Dear reader, it seems that you are causing headaches in dark corners of the web.
I pinpoint you specifically, as a reader of Naked Security, because I assume that if you’re a regular to this site then you’re more likely than most to care about who’s watching you online.
For the people trying to track you, profile you and sell to you, you’re a problem.
Historically, techniques for tracking people’s movements around the web have relied on HTTP cookies – small messages that ‘tag’ your browser so it can be uniquely identified.
Unfortunately for snoopers, profilers and marketers, cookie-based tracking leaves the final decision about whether you’re followed or not in your hands because you can delete their cookies and disappear.
It’s no secret that some vendors have moved on from cookies – local storage, Flash cookies and ETags have all been used in-the-wild, either as cookie replacements or as backups from which cookies can be ‘respawned’.
These techniques have been successful because they’re obscure but they all have the same fundamental weakness as cookies – they rely on things that you can delete.
The holy grail for tracking is to find a unique ID that you can’t delete, something that identifies you uniquely based on who or what you are, not what you have.
In July I wrote about Panopticlick, a fingerprinting tool that does exactly that. It was created by the Electronic Frontier Foundation (EFF) for its research paper How Unique Is Your Web Browser?.
Panopticlick asks your browser a few questions, such what fonts you have installed, what HTTP headers your browser sends, your screen size and your timezone.
That collection of information varies so much from one browser to the next that it’s enough to tell any two browsers apart with startling accuracy.
The EFF used Panopticlick to show that in the population of internet users it tested (a group likely to be more privacy concious than average) users had a 1 in 286,777 chance of sharing their fingerprint with somebody else.
That’s certainly good enough to use as a fall-back ‘respawning’ technique but perhaps not good quite enough to work as a cookie replacement.
Since Panopticlick was only designed to show that fingerprinting was viable it didn’t exhaust all the possible browser features that might be exploited for truly bomb-proof fingerprinting.
That such unexplored features exist was alluded to by the authors in their conclusion (my emphasis.)
We implemented and tested one particular browser fingerprinting method. It appeared, in general, to be very effective, though as noted in Section 3.1 there are many measurements that could be added to strengthen it.
Fingerprinting beyond the browser
As chance would have it, at the same time as I was writing about Panopticlick, a well known internet company with a foothold on 13 million websites was caught experimenting with one of those ‘missing’ techniques; canvas fingerprinting.

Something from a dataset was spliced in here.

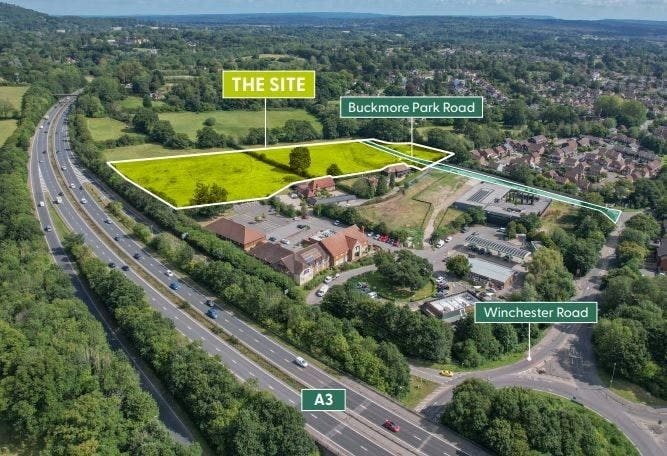 Buckmore Ln, Petersfield en venta - Foto del edificio - Imagen 1 de 2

AddThis is the internet’s premier purveyor of social media sharing widgets.
Its code is embedded in millions of websites, which gives it a huge platform on which to run its anonymous personalization and audience technology.
Between February and July 2014 that technology included a live test for a canvas fingerprinting technique.

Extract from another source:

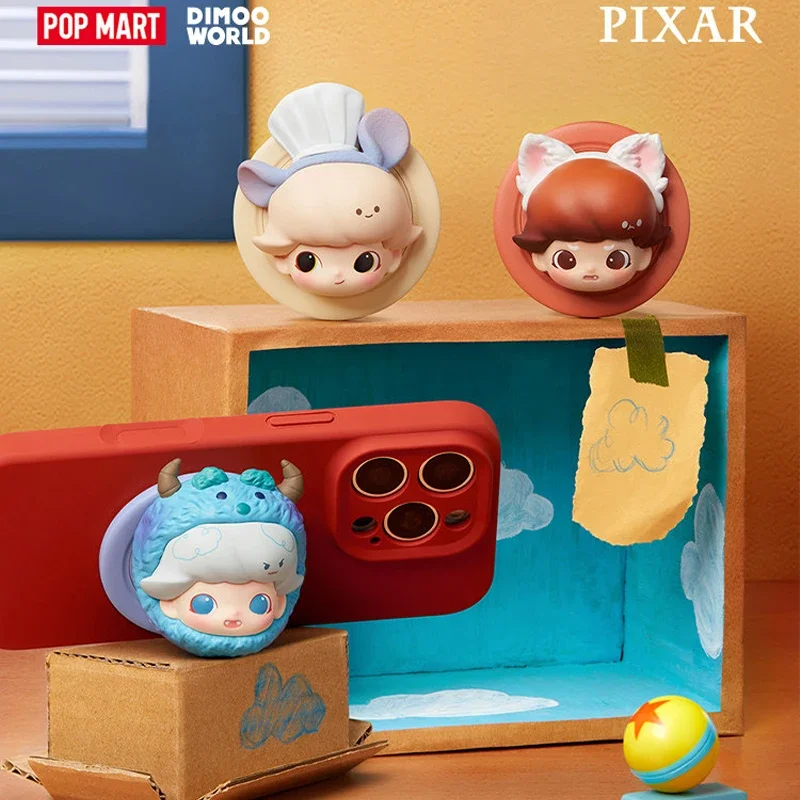 POP MART DIMOO WORLD PIXAR Ser - Phone Accessories Blind Box 评论和价格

To illustrate the point I’ve included two pictures of the letter T below with its SHA1 hashes. One was rendered by Firefox 33 on OS X and the other by Safari 8 on the same machine.

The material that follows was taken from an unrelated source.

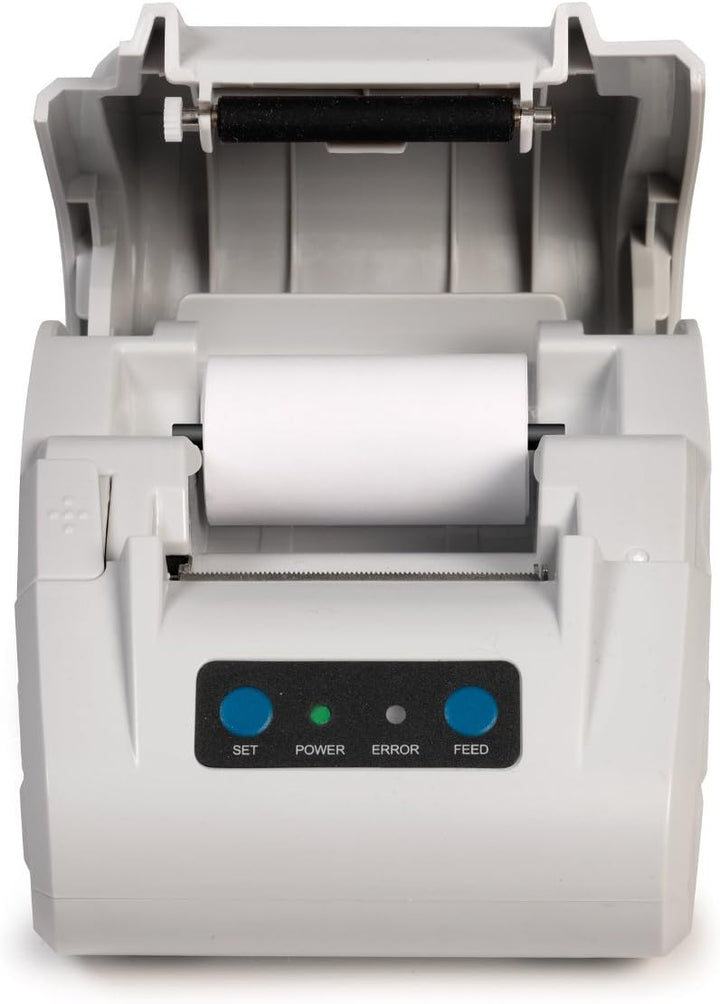 Safescan TP-230 Thermodrucker (grau) zum Ausdrucken der Zählergebnisse der Safescan Geldzählmaschine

Often the most sensible and efficient way for web browsers to handle canvas graphics is to hand over font rendering and 2D compositing to the underlying operating system and hardware GPU.
Different graphics cards and operating systems work slightly differently, which means that different browsers given identical instructions on what to draw will draw slightly different pictures.
In 2012, researchers Keaton Mowery and Hovav Shacham published a research paper entitled Pixel Perfect: Fingerprinting Canvas in HTML5 which showed that there was enough variation to create a reliable browser fingerprint.
In their own words:
...the behavior of
<canvas>text and WebGL scene rendering on modern browsers forms a new system fingerprint. The new fingerprint is consistent, high-entropy, orthogonal to other fingerprints, transparent to the user, and readily obtainable.
Remarkably, they didn’t have to try very hard to tease out the differences between graphics cards…
Our experiments show that graphics cards leave a detectable fingerprint while rendering even the simplest scenes.
…nor the way that even common fonts are rendered.
Even Arial, a font which is 30 years old, renders in new and interesting ways depending on the underlying operating system and browser. In the 300 samples collected for the text_arial test, there are 50 distinct renderings.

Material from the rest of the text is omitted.